Too close to bedtime Tuesday
night, I downed a glass of Barefoot Bubbly and a frozen strawberry sorbet
bar. A little later, I swallowed an
Ibuprofen, hoping that would take enough of the edge off my recently rampant
arthritis discomfort to facilitate a decent night’s sleep.
AND… I woke up at about 2:00 am with a raging case of heartburn. The feels-like-I-swallowed-a-bottle-of-drano kind of heartburn.
To ward off another of those middle of the night panic attacks brought on by physical misery when one is half asleep, I cracked open my iPad and delved into the archives of “Coming to Terms.”
I ended up in a place on my blog timeline that I had completely forgotten about. It was December of 2016, and apparently I had decided that I wanted to complete 1300 posts by the end of my 13th year of blogging. I had actually set my sights on that goal two months prior, in October, where I revved up and posted 36 entries in 31 days. I was trying to set myself up for a relatively attainable less than 30 posts in each of the two final months of the year. Then November of 2016 happened. The shock of the election, along with a 40th anniversary trip to Canada (where we seriously considered never going back to the US) derailed that goal and set me up for the nearly impossible task of putting up 40 posts in the month of December.
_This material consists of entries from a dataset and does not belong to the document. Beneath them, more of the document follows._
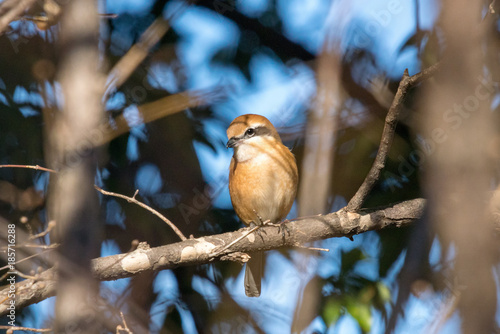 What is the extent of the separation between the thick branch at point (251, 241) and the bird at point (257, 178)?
789mm

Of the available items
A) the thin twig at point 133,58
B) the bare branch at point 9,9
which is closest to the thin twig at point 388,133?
the thin twig at point 133,58

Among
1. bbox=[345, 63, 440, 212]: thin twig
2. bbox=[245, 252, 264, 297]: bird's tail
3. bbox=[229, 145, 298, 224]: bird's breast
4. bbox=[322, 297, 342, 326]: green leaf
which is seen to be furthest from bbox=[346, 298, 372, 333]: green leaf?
bbox=[229, 145, 298, 224]: bird's breast

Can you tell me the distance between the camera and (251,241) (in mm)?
4105

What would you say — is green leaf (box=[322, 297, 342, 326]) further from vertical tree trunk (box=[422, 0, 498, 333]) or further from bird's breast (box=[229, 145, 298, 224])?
vertical tree trunk (box=[422, 0, 498, 333])

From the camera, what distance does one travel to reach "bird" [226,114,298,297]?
5062 mm

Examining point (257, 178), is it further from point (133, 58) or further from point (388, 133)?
point (133, 58)

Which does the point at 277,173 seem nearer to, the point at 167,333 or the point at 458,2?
the point at 167,333

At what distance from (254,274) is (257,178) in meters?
0.99

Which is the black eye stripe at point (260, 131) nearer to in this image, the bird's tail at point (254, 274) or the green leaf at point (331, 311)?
the bird's tail at point (254, 274)

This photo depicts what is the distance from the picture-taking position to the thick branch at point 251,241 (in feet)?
11.8

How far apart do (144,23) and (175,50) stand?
0.40 metres

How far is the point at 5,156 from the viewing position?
453 centimetres

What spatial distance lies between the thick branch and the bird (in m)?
0.79

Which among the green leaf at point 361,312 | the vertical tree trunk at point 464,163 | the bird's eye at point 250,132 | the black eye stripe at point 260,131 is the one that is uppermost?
the vertical tree trunk at point 464,163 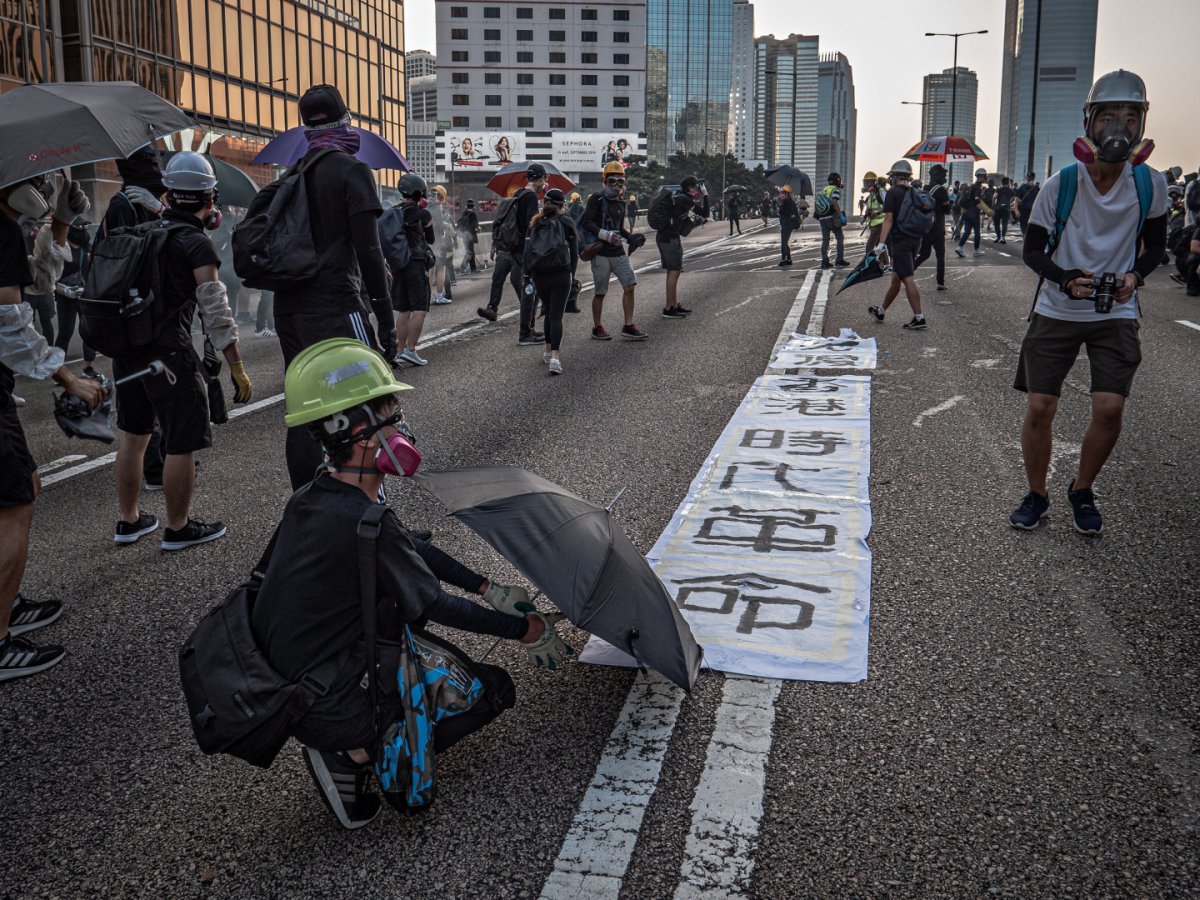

Impossible. Unthinkable. Absolutely unattainable.
But I did it.
A remarkable feat five years ago, to be sure. But when viewed through the lens of how much I’ve struggled to drag myself to 40 posts a year of late…well, it blew me away.
So of course I had to read them.
And they were decent. Good, even. I seemed to have a remarkable amount to say, and a still-viable voice with which to say it, five years ago. I could even make a post about a Christmas shopping stop at Sears articulate and interesting, if not compelling.
I don’t know whether to be beaming with pride in my past self, or deeply disappointed and depressed by what I have become. Perhaps the two extremes will neutralize each other, so I can go on with my milquetoast life, rather than heading toward the nearest bridge to throw myself off.
Maybe what I should make of this is this: I have the potential. It hasn’t gone anywhere. I just have to tap back into it. Which will take discipline, perseverance, creativity and imagination—four things of which, for whatever reason, I have found myself in short supply lately.
And I’ll need to crawl outside my head long enough to observe things that inspire me to write about them. I need to get back in touch with the world. And maybe that’s been the problem, in these pandemic-battered, fear-driven, contentious times. The world has become so ugly and so dominated by negativity, strife, selfishness, anger and violence that I have pulled in my head like a little turtle. There’s only so much of that crap you can expose yourself to after awhile. And only so much ranting and scolding and proselytizing one can do before it becomes obvious that you’re screaming at a hurricane.
At some point, you shut your mouth, turn your back, and walk away. But...should you?
I don't know. I only know that being silenced is almost as suffocating as shouting into a gale.
And now I have to figure out what I want to do about it.